*What is being asked*: From the entries below, please output exactly the lines starting at the one containing "2024 Men's Plus" and ending at the one containing "UltraMint Dark 36", both included.

*Dataset entries*:

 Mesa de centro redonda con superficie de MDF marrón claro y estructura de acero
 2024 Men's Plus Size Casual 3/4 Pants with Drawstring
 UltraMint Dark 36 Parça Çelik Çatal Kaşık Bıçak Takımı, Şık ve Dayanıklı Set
==
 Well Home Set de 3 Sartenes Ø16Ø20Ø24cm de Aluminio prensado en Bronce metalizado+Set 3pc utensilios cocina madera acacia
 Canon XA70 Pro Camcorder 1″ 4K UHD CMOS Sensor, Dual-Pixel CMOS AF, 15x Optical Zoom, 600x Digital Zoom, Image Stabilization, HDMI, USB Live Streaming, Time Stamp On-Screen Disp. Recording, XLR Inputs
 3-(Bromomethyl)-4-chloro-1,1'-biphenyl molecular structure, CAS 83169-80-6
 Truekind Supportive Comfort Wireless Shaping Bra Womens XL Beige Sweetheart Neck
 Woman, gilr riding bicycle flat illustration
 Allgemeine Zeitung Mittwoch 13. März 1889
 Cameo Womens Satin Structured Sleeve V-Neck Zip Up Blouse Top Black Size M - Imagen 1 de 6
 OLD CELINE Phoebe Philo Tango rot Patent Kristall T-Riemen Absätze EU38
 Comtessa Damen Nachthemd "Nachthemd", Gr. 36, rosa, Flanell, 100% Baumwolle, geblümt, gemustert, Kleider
---
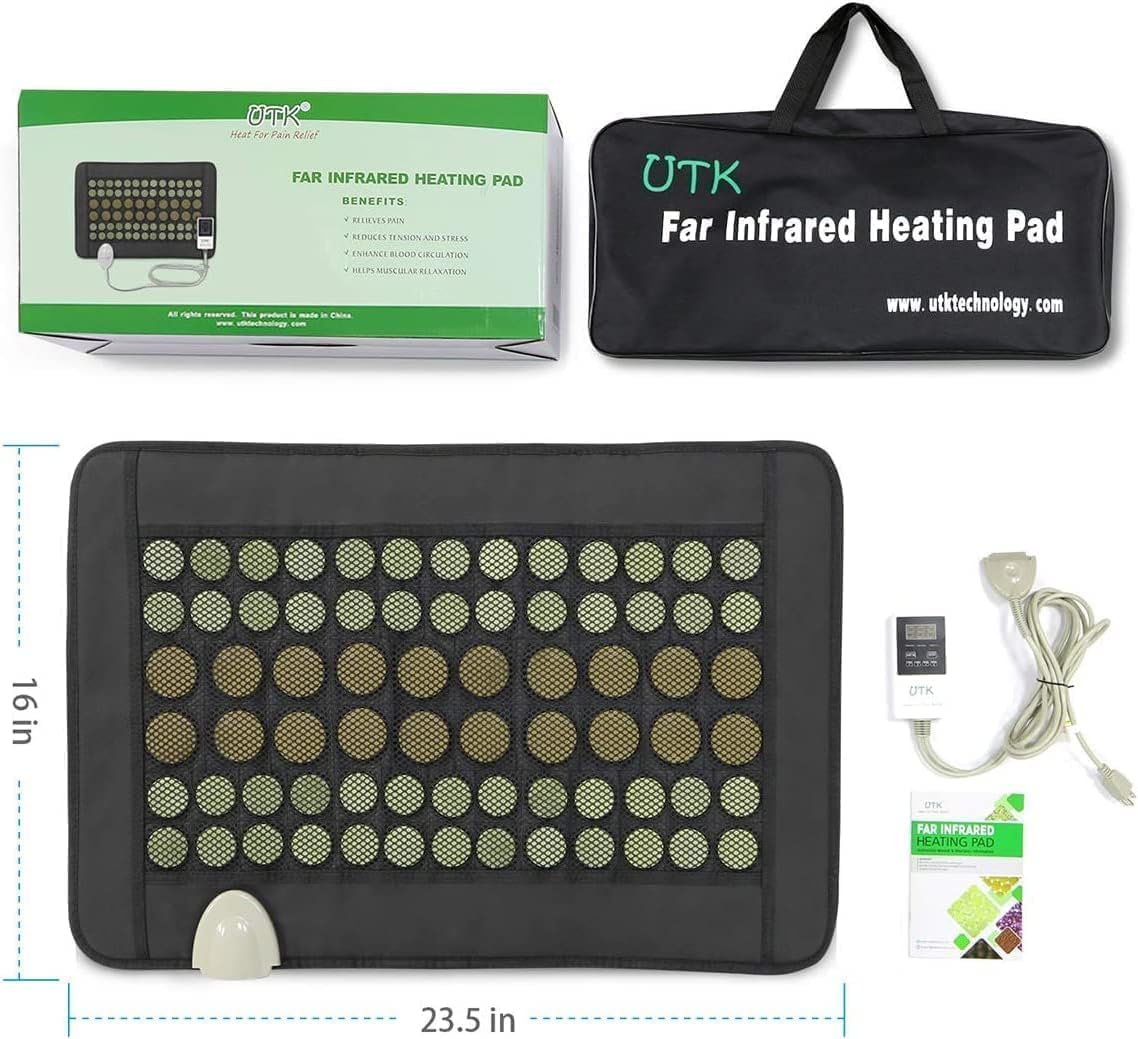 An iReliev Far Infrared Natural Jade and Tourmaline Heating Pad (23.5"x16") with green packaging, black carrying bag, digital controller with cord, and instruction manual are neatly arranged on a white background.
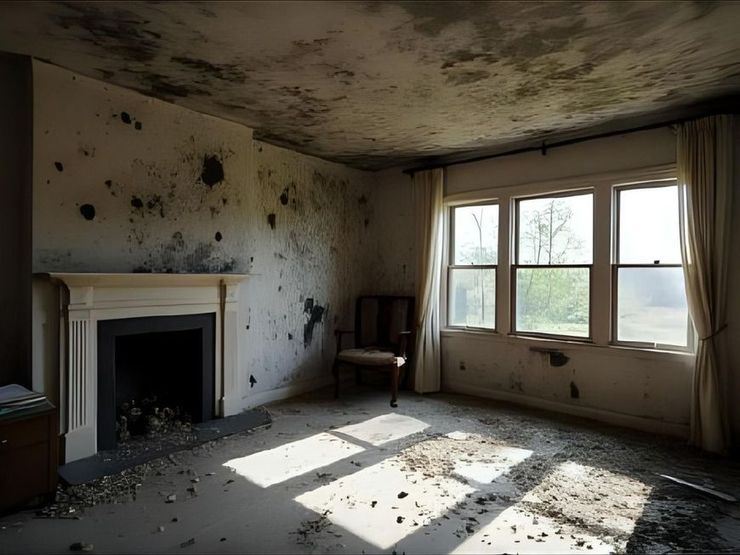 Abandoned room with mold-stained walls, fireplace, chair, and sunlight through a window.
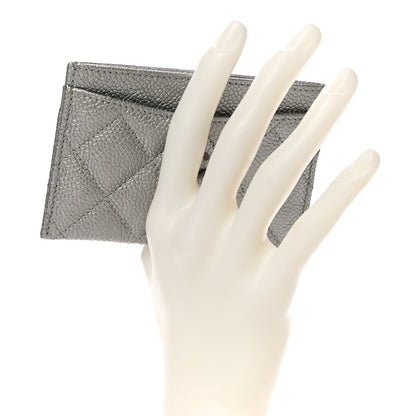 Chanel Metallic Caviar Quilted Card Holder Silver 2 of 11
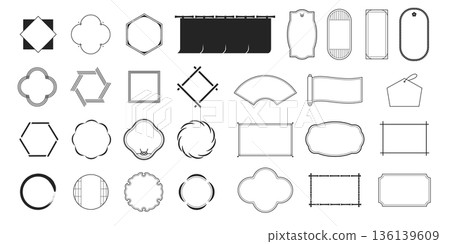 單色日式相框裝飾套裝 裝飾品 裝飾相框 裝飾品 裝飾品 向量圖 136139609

*Exercise answer*:
 2024 Men's Plus Size Casual 3/4 Pants with Drawstring
 UltraMint Dark 36 Parça Çelik Çatal Kaşık Bıçak Takımı, Şık ve Dayanıklı Set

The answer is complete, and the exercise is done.